Questa decisione fu coerente con la logica repubblicana e può essere considerata una delle più grandi decisioni della Repubblica francese del tardo 19° secolo. L'amnistia è un gesto simbolico di riconciliazione sociale o, per essere più precisi, di riconciliazione civile. Si trattò di decretare l'oblio del passato per ricostituire l'unità perduta. I condannati furono reintegrati nella società con i diritti civili di cui vennero privati, e la società li ha protetti da una memoria dei fatti che avrebbe potuto mettere a repentaglio il loro reinserimento sociale o minare le vite delle loro famiglie. Ricostituire un'unità persa, questo fu il progetto.
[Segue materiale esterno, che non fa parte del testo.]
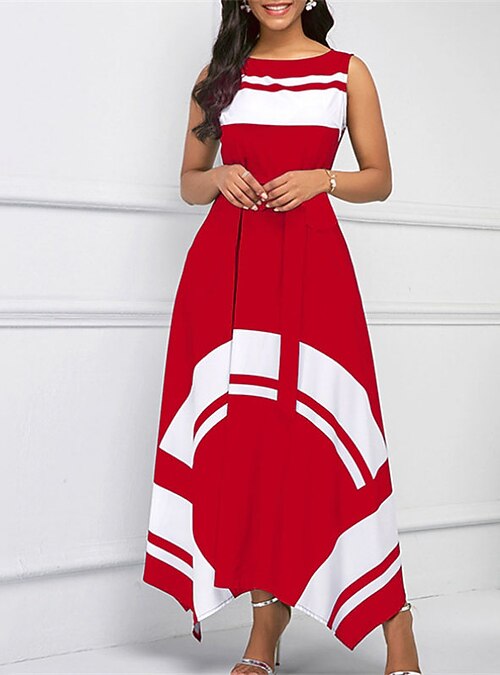 Women's Swing Dress Maxi long Dress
Gambetta, nel suo discorso del 21 giugno 1880, spiegò che bisognava dimenticare "Quando ci libereremo di questo cencio di guerra civile? ... Dobbiamo chiudere il libro di questi ultimi dieci anni, e mettere una pietra tombale sull’oblio dei crimini e dei resti della Comune, perché c'è solo una Francia e una Repubblica".
L’11 luglio 1880, il progetto di legge del governo per la piena amnistia fu votato ottenendo 312 voti favorevoli contro 136; gli esuli e i deportati poterono così tornare in Francia.
L'amnistia consentì uguali diritti agli ex detenuti e fece capire che la repressione alla Comune fu fatta da uomini che non erano molto repubblicani. Soprattutto, è stata una grande repressione politica, a prescindere dai giudizi delle corti e dai commenti della stampa di destra; la Comune non è stata quella grande operazione di rapina che i giudici avevano descritto, ma fu una rivoluzione politica.


Victor Hugo e l’amnistia della Comune

Alla riunione del 22 maggio 1876, il duca d’Audiffret-Pasquier, presidente del Senato, diede la parola al più illustre dei suoi colleghi, Victor Hugo, per presentare la sua "sanatoria" di amnistia.
In quel momento, Victor Hugo sapeva che la settimana prima, per 4 giorni - dal 16 al 19 maggio - la Camera dei Deputati, principalmente repubblicana, aveva ampiamente respinto le 5 proposte di amnistia presentate da diversi autori. Conosceva anche la relazione del senatore Auguste Paris sulla sua proposta, che terminava con una richiesta di rigetto del suo testo.
Nel tentativo di convincere i suoi colleghi e ancor più a fissare una data nella storia, Victor Hugo preparò con cura il suo intervento, correggendolo fino all'ultimo momento.
Qui di seguito proponiamo il manoscritto. È uno dei tesori della Biblioteca del Senato che lo ha voluto digitalizzare in modo che fosse accessibile a tutti.
Il documento è composto dal testo del disegno di legge e da quello dell'intervento di Victor Hugo. Quest'ultimo è stato scritto da un’altra persona, ma le numerose correzioni, aggiunte e modifiche sono state apportate dallo stesso Victor Hugo.
Nonostante la sua eloquenza, Victor Hugo convince solo 10 dei suoi colleghi (i co-firmatari - tra cui Victor Schoelcher e Auguste Scheurer-Kestner, Pomel (di Oran) e Lelièvre (di Algeri)). Gli altri senatori votarono contro l'adozione della proposta.